The US dollar dived sharply on Monday as the currency was shaken by widespread political unrest in US cities.
A work visa is typically required for any long-term move abroad and obtaining a visa can be a tricky process at the best of times, so focusing on destinations where your skills are in-demand will greatly increase your chances of getting approved.
Computer says yes
As computers become ever more integral to our daily lives and digital solutions become ever more complex, the need for tech-savvy skills at all levels is on the increase.
Surveys suggest roles in technology are the single most in-demand job role globally, with opportunities open to highly-specialised software development engineers and more general web developers alike.
Sarah Stoddard, community expert at job search site Glassdoor explains: "from artificial intelligence, automation, virtual reality, cryptocurrency and more, demand for jobs in engineering, product, data science, marketing and sales will continue to rise in order to support the innovation happening across the country."
As businesses across international borders compete to attract new candidates so wages and bonuses become more attractive, often offering a more lucrative option than you might find in the UK.
Getting your hands dirty
Even with digital business booming a significant need for more traditional skilled labour still exists. The construction sector still sees a steady stream of international job postings, ranging from architects to bricklayers and carpenters.
International job search websites are a perfect place to look:
- Experteer is an international employment agency specializing in executive job opportunities.
- Tradesmen International lists construction and industrial roles and is often deferred to by other international employment agencies.
- Monster Jobs allows you to search by country, company or industry worldwide.
- Skills For Employment is a .org knowledge sharing platform which lists in-demand skills by country. Some countries with current skill shortages include Japan, India, Brazil, Turkey, Mexico, Greece, Australia and even Germany!
Leverage the lingo
If you’re considering a move to a country where English is not the primary language then your native tongue can be an asset.
English remains one of the main working languages in international business and diplomacy, with a permanent place in classrooms around the world.
Teaching English as a second language is a common route into working abroad, provided you have the appropriate TEFL certification (visit www.tefl.org for more information).

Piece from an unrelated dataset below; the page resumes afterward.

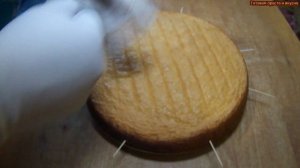 КАК РАЗРЕЗАТЬ БИСКВИТ ЗА 20 СЕКУНД БЕЗ НОЖА/HOW TO CUT A CAKE IN 20 SECONDS WITHOUT A KNIFE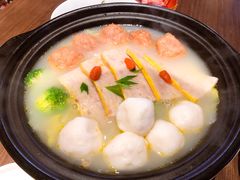 -大中华酒楼·主席武昌鱼·武汉美食地标(江汉路步行街店)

Even if you lack fluency in the local language this is rarely considered a major hurdle, with counties such as China expecting all lessons to be conducted purely in English.
Improve your income
At some point you’ll want to narrow down your options. Although it’s important to consider a range of factors when you’re deciding if a destination is right for you, money will always be an important consideration.
Some countries will pay a much higher premium for your specific set of skills than others, making it important to scout around. Even if the pay packet looks larger in a straight comparison this doesn’t always tell the full story.
On the other hand, some countries offset apparently low or UK comparable wages with lower tax rates. Iceland is one such destination and offers a host of other benefits beyond cost-of-living, including free education, free healthcare, a stable socially aware government and some of the most beautiful landscapes on Earth.
Turkey is a highly affordable destination and, despite recent concerns over safety, has been deemed safe for travel and emigration.
Not only does Turkey offer a reduced cost of living and lower tax rate but the country is currently in a skills-shortage trough, providing ample opportunities for skill matched roles.
Remember the down-time
When job searching on an international scale it’s worth considering the perks that a specific company and country can offer you.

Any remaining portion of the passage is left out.